In a number of reservoirs, especially at the late stage of development, the main driving forces in reservoir are gravity forces: oil flows from the higher parts of reservoir to the lower parts at which bottomholes are located.

In course of fluid filtration through porous rock medium, resistance forces are created, and part of reservoir energy is used for overcoming such forces.

Oil or gas reservoir drive depends on reservoir energy type and pattern in the process of development.

It is accepted to term a drive by driving force dominating in reservoir for the time being.

3. OIL RESERVOIR DRIVES

Depending on the kind of energy of oil and gas drive, there are the following oil reservoir drives:

1)water drive;

2)gas cap drive;

3)dissolved gas drive; and

4)gravity drive.

In addition, there are also elastic drive and elastic-water drive, considering influence of elastic fluid and gas expansion on reservoir.

25

Oil reservoirs are often characterized by combination of driving energies. Draining conditions of such reservoirs are termed combination drive.

Reservoir drive is dictated by both artificially created development conditions and by natural conditions. This or that reservoir drive can be established, maintained controlled and even replaced with another. To a great extent it depends on rate of fluid and gas withdrawal and other development processes (working agent injection and other). Reservoir drive is established based on the geological conditions and energetic characteristics of the reservoir, but it does not completely depend on them.

Water Drive

Under water drive, oil flows in reservoir under action of encroaching water, and, ideally, the reservoir is constantly made up with water from the surface sources.

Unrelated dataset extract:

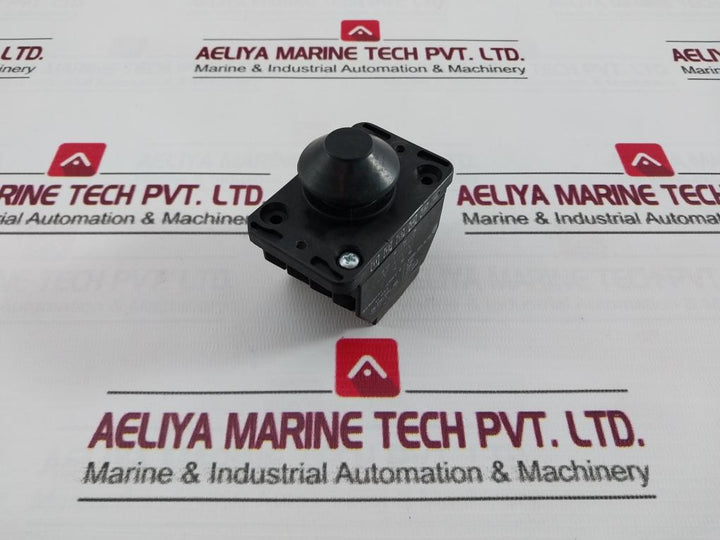 Mannesmann Demag 87455044 Contact Block Iec 60947-5-1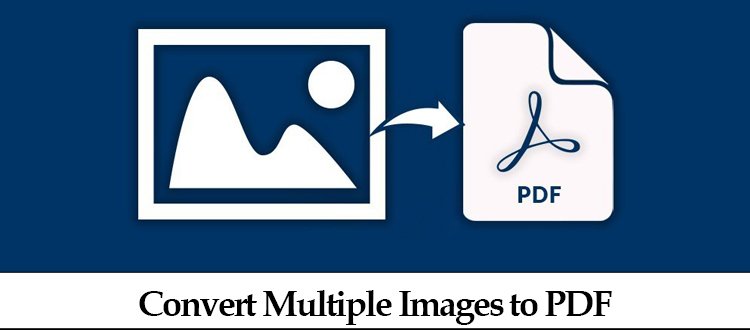 Convert BMP to PDF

Therefore, the condition of water drive existence is a contact between productive reservoir and ground surface. Contact zones of the productive reservoir and surface can be hundreds of kilometers distant from the oil part of reservoir.

Water drive can be also created artificially by water injection in special injection wells located within the water zone of reservoir outside the oil pool outline. In pure water drive, encroaching water completely displaces oil and gas withdrawn. Oil drainage boundary is continuously reducing and shifting to the center of the reservoir.

Under water drive operation, reservoir pressure, first, is slightly decayed and, this causes pressure gradient establishing under which water flows into pay zone. In time, in the course of continuous fluid withdrawal, reservoir pressure is stabilized, and such stabilization indicates that water drive with complete withdrawn oil displacement has been established.

In case if rate of oil withdrawal increases, there can come a point when capacity of the water drive system becomes insufficient under the given water drive, and water volume, which manages to flow into petroleum reservoir, becomes less than volume of extracted fluid. Reservoir pressure begins lowering and this can cause water drive transfer to dissolved gas drive.

26

Because of slow reservoir pressure decrease in water drive reservoirs, well flow rate is approximately constant for a long time, as well as gas-oil ratio.

Before development, oil-water contact in water drive reservoir is in horizontal position, and, under development, it moves to the center of the reservoir.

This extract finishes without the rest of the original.